Since returning from Avignon I have concentrated on completing the catalogue of Macintosh’s library, which now stands at 78 items, but have also been keen to confirm my identification of his Avignon town house.
One piece of evidence appears to confirm my suspicions—an address given by Monsieur Pierre de Brion (former member of the Vaucluse chapter of the organisation Vieilles maisons françaises) to the Franco-Scottish Society on 9 June 1990. de Brion’s address—”Sur les pas des Stuarts et des Ecossais qui vecurent a Avignon 1716–1813″—contains an account of the appearance of Macintosh’s home:
La façade de cet hôtel, qui est d’une grande pureté de lignes, comprend un rez-de-chaussée, un premier étage et un attique au-dessus d’une corniche saillante. Le tout a 5 fenêtres par étage, dont 3 perées dans un avant-corps central que surmonte, au-desses de la corniche, un fronton triangulaire. Et, comme vous pouvex le voir d’ici, dans le tympan de ce fronton figure un écusson de forme ovale et renflée où sont gravées des armoiries.
This description corresponds directly with the rear elevation of the property on Rue des 3 Testons (above), particularly the pediment with the oval escutcheon containing a coat of arms (see below).
de Brion’s account, which was published in Des Ecossais a Avignon (1993), is valuable because it also dates Macintosh’s purchase of the property to 15 May 1786 and records the purchase price as 11,300 French livres.
Prior to the purchase of this property, Macintosh lived, according to de Brion, “à sa campagne de Châteaubrun dans les environs d’Avignon”. Together with the inventory of Macintosh’s seized books is a list of his papers. This list includes the entry “Papiers relatifs à la Grange de chateau brun que Mr Machintosch [sic] avait affermée de Mr de Monery de Caylus 1780–1788 [papers relating to the barn, chateau brun, that Mr Macintosh had leased from Mr de Monery de Caylus 1780–1788]”.
Macintosh addressed many letters from Chateau Brun, so it is apparent that this building was more than a mere barn. Quite where it was, other than in the vicinity of Avignon (possibly near Montfavet), is not quite clear; that will require more digging. It looks likely, however, that the Monsieur de Monery de Caylus in question was Ignace-Dominique-Didier de Monery de Caylus (1726–1792). The entry for de Moneray de Caylus on Geneanet lists the following event in his timeline: “21 June 1780 : Donation-Succession – Chateaubrun, Vaucluse”. The source for this event is listed as “nice historique : Marquesan”, which I presume is a reference to the journal Nice Historique. The reference to “Chateaubrun, Vaucluse”—and its correspondence with 1780, the year Macintosh began his lease—would seem to be more than coincidental.
Since returning from Avignon, I have been attempting to tie up the last few loose ends from my work on the inventory of Macintosh’s library. Although I had managed to decipher most of the items listed, one or two remained stubborn puzzles.

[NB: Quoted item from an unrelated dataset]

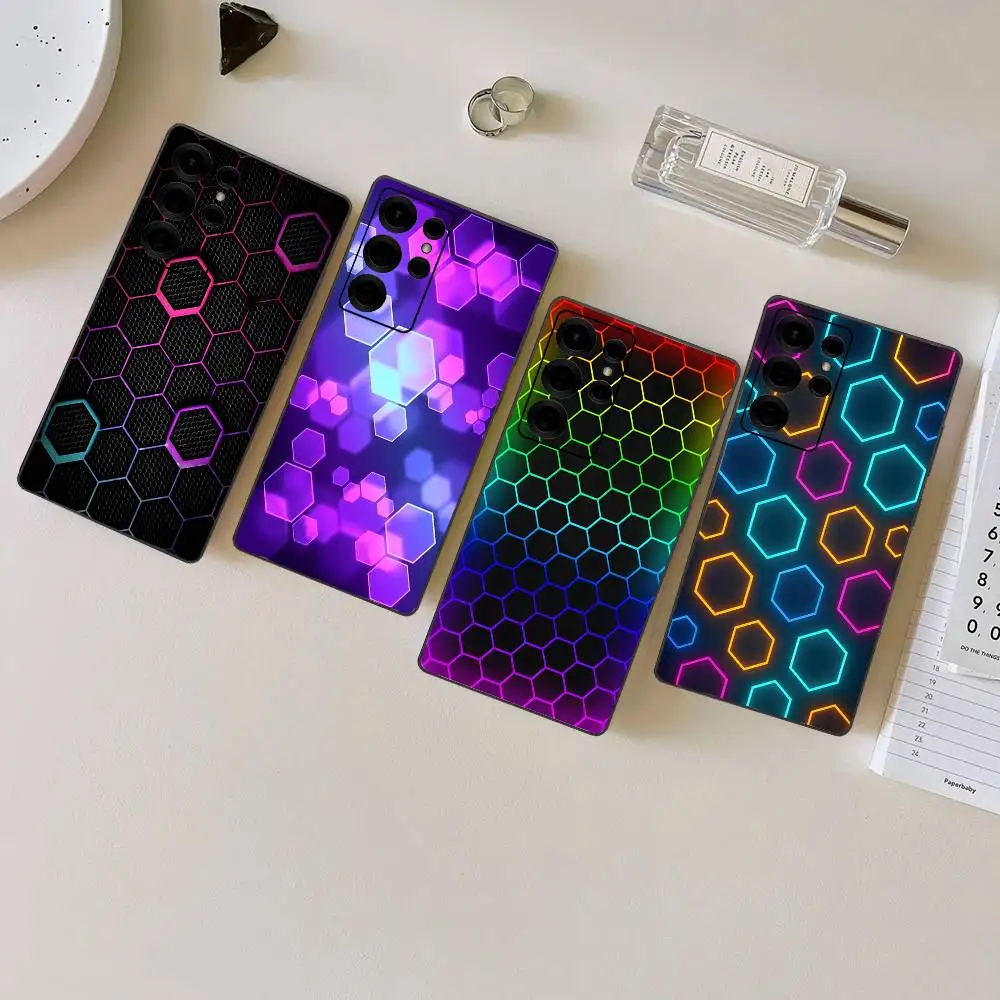 Luxury Honeycomb Cube Cyberpunk Phone Case For Samsung S 24 Fe 25 Ultra Plus 20 Lite 21 30 22 23 24 22 Ultra 5G Fundas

The example above was one such puzzle; appearing twice in the inventory, the book was described in two distinct ways: “histoire du tour jaunes” and “histoire de tour joue“. Neither instance appeared to make grammatical sense and I was at a loss to identify which English-language title this might be referring to. Appeals on Facebook and Twitter came up with some suggestions, but no solution.
Ultimately the puzzle was solved following an appeal to SHARP-L, the mailing list of the Society for the History of Authorship, Reading, and Publishing. Almost immediately, one colleague—Helwi Blom from Utrecht University—recognised this for what it was: a bad transliteration of Henry Fielding’s The history of Tom Jones, a foundling (1749). “tour jaunes” was, in fact, “tom jaunes“.
This odd description is most likely a consequence of the means by which the inventory was assembled—by one individual plucking books from the shelf and reading their titles out loud to a second individual acting as a scribe. I am grateful for the wisdom of the SHARP-L crowd, and to Helwi particularly; I don’t think I would ever have deciphered this on my own.
This week I have found myself staying in a hotel less than 250 metres from the street on which Macintosh lived during his residence in Avignon: Rue des 3 Testons. I have written before about the archival evidence that records his address, but it has been interesting to explore the location in person.
The inventory of seized books states that Macintosh was “domicilié en la presente commune près des murs de la porte St Michel derrière la maison de la cidevant Société dite de Jesus maria et St Bruno”—i.e., near the gate in the old-town wall beside the Chapelle Saint-Michel and behind the former Société de Jésus Marie Joseph et Saint Bruno. Elsewhere it is specified that his address is “la rue des testons…nº 8 et 9” (i.e., 8 and 9 Rue des 3 Testons).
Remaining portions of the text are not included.